There was good news regarding the regulation which oversees positive behaviour support which is about the management of the behaviours of residents. Here, the centres were found to be substantially compliant.
In all cases, inspectors found that staff responded to residents in a kind, respectful and considerate manner to residents.
Behaviour support plans were examined and overall, residents had support plans that recognised their support needs and these were being reviewed regularly.
Inspectors saw evidence of staff implementing strategies to support residents to manage their own behaviours where possible, and were identifying and managing potential behaviour triggers for residents.
At the end of the report, there is an outline of discussions inspectors had with 69 residents at the facilities and their lived experiences.
Overall, residents said that they were happy in their homes, were happy with staff and with the service that they received.
In addition, most residents said that they liked their homes and that they felt safe. Some residents spoke with inspectors about how they were looking forward to moving to new homes in the future.
The report notes that at one centre, residents continued to live in an institutional setting and HIQA noted that the poor physical environment for residents had been identified in previous inspections.
In two centres, residents demonstrated their unhappiness at living together by the manner in which they interacted with each other and the inspectors could clearly see that there were significant compatibility issues.
The provider had arrangements to manage behavioural issues and had plans for residents to move to new homes.
However, the report notes that progress on this has been slow and residents continued to live in a very challenging environment that impacted on their quality of life.
Overall, inspectors found that residents were generally content and comfortable in their homes, and that their care needs and choices were being responded to and respected by staff.
Minister considers findings of report
Meanwhile, a spokesperson for the Minister of State for Disability Anne Rabbitte has said that Minister Rabbitte is considering the findings of the HIQA report.

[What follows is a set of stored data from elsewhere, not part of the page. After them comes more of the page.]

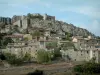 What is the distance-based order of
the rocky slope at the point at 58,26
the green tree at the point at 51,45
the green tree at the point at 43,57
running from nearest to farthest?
1. the green tree at the point at 43,57
2. the green tree at the point at 51,45
3. the rocky slope at the point at 58,26

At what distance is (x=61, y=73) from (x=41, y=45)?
738 inches

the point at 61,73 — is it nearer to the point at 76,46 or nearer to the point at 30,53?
the point at 30,53

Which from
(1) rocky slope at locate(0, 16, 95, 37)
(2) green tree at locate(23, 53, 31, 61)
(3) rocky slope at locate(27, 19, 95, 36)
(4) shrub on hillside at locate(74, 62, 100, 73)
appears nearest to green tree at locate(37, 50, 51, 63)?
(2) green tree at locate(23, 53, 31, 61)

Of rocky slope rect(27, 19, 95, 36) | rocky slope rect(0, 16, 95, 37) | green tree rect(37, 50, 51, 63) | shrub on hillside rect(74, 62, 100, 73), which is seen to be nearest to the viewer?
shrub on hillside rect(74, 62, 100, 73)

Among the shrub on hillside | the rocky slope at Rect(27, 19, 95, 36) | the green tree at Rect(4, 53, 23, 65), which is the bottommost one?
the shrub on hillside

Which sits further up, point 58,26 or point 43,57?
point 58,26

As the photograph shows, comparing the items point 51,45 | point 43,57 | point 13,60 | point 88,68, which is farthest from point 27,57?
point 88,68

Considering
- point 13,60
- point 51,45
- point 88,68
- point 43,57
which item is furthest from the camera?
point 51,45

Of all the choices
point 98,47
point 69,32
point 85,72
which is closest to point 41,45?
point 98,47

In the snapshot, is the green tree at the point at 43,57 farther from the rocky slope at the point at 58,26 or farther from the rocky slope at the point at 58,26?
the rocky slope at the point at 58,26

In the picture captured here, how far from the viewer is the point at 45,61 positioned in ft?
192

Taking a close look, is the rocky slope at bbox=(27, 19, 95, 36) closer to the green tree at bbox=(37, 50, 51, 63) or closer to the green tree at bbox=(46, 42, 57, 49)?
the green tree at bbox=(46, 42, 57, 49)

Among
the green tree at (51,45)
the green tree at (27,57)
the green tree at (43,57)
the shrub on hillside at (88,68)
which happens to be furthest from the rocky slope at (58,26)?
the shrub on hillside at (88,68)

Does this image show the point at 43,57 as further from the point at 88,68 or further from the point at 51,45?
the point at 88,68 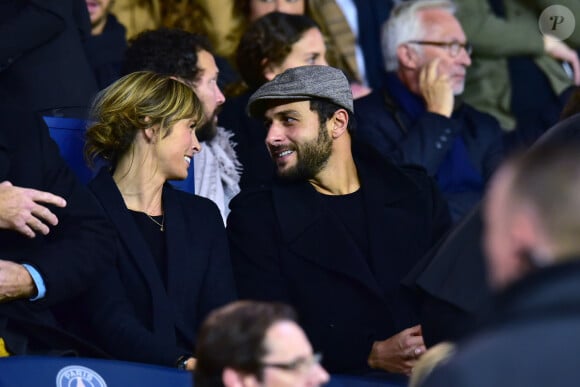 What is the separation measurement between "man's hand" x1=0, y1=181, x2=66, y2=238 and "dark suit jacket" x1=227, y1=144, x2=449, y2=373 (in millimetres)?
936

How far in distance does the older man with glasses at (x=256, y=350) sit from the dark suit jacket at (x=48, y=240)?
72.3 inches

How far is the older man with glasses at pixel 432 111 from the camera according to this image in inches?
259

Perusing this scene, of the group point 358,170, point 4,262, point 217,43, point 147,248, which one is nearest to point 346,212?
point 358,170

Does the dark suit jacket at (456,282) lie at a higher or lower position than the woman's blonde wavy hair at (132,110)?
lower

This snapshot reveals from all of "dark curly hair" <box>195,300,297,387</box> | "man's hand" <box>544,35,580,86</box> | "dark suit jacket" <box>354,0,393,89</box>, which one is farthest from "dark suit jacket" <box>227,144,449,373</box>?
"man's hand" <box>544,35,580,86</box>

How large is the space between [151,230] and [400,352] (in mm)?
1032

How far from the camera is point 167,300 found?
5.00m

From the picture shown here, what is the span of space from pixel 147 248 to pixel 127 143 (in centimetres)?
47

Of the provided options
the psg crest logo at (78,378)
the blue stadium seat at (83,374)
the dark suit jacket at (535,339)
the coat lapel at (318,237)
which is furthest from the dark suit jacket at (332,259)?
the dark suit jacket at (535,339)

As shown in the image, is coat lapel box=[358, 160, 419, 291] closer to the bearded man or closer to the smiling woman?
the bearded man

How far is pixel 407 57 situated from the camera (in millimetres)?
7203

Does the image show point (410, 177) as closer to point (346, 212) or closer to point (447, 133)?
point (346, 212)

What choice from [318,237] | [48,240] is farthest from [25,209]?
[318,237]

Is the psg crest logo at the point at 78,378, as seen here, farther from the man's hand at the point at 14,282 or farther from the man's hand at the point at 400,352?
the man's hand at the point at 400,352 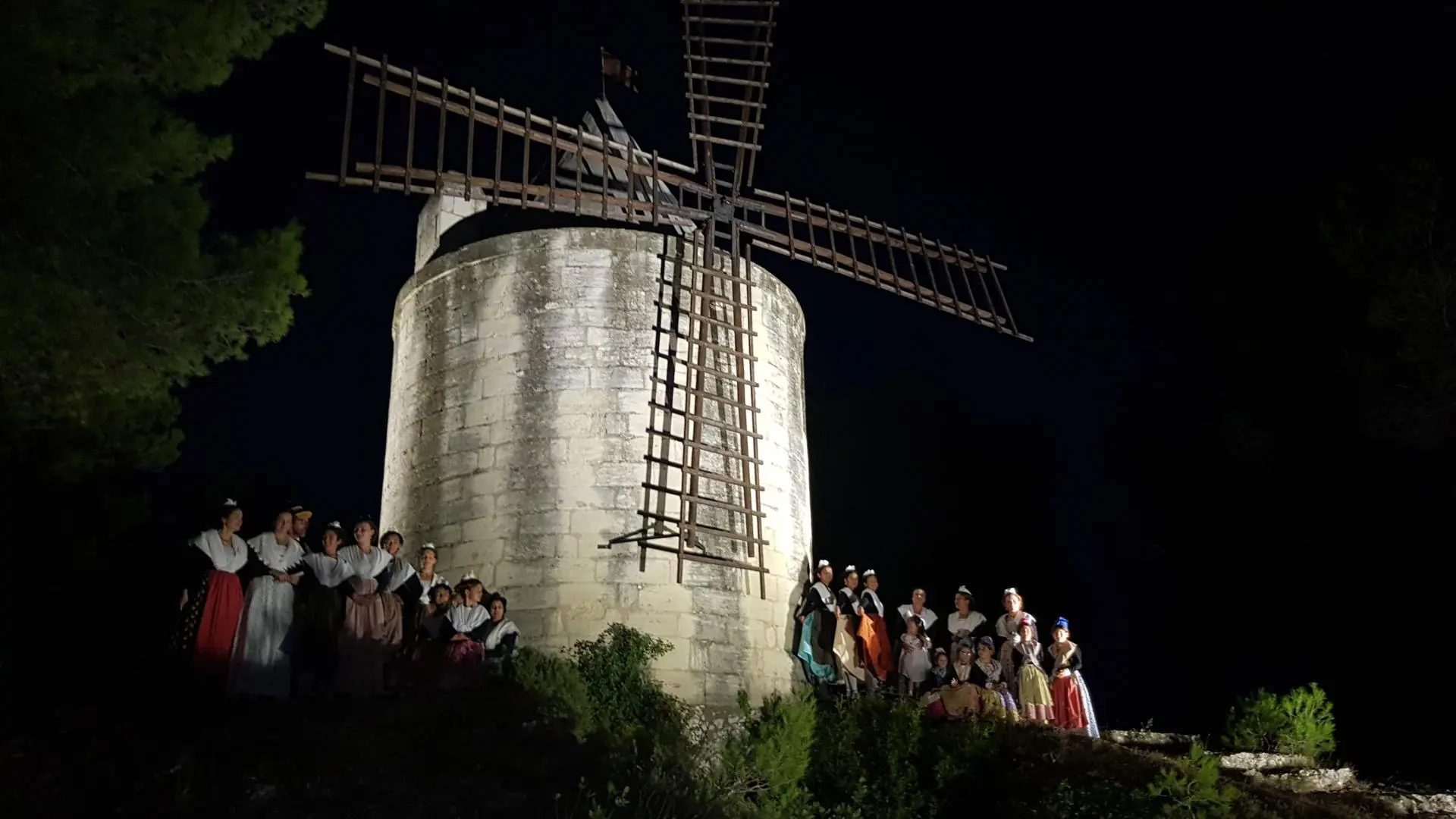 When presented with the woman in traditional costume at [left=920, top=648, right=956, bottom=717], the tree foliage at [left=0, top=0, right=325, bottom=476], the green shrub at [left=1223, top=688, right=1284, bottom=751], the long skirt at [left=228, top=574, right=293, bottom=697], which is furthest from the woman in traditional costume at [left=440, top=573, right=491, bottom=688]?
the green shrub at [left=1223, top=688, right=1284, bottom=751]

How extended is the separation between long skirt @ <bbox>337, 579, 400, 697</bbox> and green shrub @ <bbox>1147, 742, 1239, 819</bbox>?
18.7ft

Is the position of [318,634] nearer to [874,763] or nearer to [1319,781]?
[874,763]

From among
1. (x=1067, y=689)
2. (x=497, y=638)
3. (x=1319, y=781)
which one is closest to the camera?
(x=497, y=638)

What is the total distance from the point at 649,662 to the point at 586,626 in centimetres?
66

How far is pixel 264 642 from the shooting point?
8461 mm

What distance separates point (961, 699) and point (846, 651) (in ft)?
4.26

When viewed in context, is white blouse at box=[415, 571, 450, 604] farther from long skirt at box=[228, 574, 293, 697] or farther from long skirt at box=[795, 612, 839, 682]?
long skirt at box=[795, 612, 839, 682]

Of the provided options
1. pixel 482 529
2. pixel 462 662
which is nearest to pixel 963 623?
pixel 482 529

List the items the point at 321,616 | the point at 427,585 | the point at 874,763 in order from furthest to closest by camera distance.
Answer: the point at 427,585 < the point at 874,763 < the point at 321,616

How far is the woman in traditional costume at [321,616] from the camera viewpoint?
889 centimetres

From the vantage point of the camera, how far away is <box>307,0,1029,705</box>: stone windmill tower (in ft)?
36.2

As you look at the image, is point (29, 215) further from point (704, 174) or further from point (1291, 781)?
point (1291, 781)

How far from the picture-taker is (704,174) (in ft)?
43.2

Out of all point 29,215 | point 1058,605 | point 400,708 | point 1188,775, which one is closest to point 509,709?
point 400,708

He said the Minister "has been clear and consistent that an independent review of safeguarding is required in Donegal to ensure the highest standards are being met and that service users and their families are assured of this".
He added that an independent review would also clarify what additional resources may be needed to further support the HSE and whether there are wider policy implications to be considered.
"Minister Rabbitte is working with officials in the Department of Health and the Department of Children, Equality, Disability, Integration and Youth, to finalise the terms of reference for such a review," he said.
IASW calls for adult safeguarding legislation
The Irish Association of Social Workers has said the HIQA report shows that despite assurances that 'very strong processes' were introduced by the HSE to allow staff escalate safeguarding concerns, this is not happening.
In a statement the IASW said that despite the lessons of of Aras Attracta, the Grace case, the Brandon case, and the recent safeguarding failures in CHO1, the fact that the HSE requires the intervention of, and such intensive support from HIQA to bring the "serious failings" to light is "deeply concerning".
Its Chairperson Vivian Geiran said that the Brandon report highlighted how the HSE "ignored safeguarding social work guidance and expertise and the continued absence of social work at senior decision making at strategic and operational level continues to limit HSE safeguarding responses".
He said people with disabilities in Donegal "are living in services in which the HSE repeatedly fail to learn the same lessons and in which the regulator repeatedly flags concerns, without meaningful change or reform".
The IASW has called for urgent introduction of adult safeguarding legislation with establishment of an independent safeguarding authority in adult safeguarding.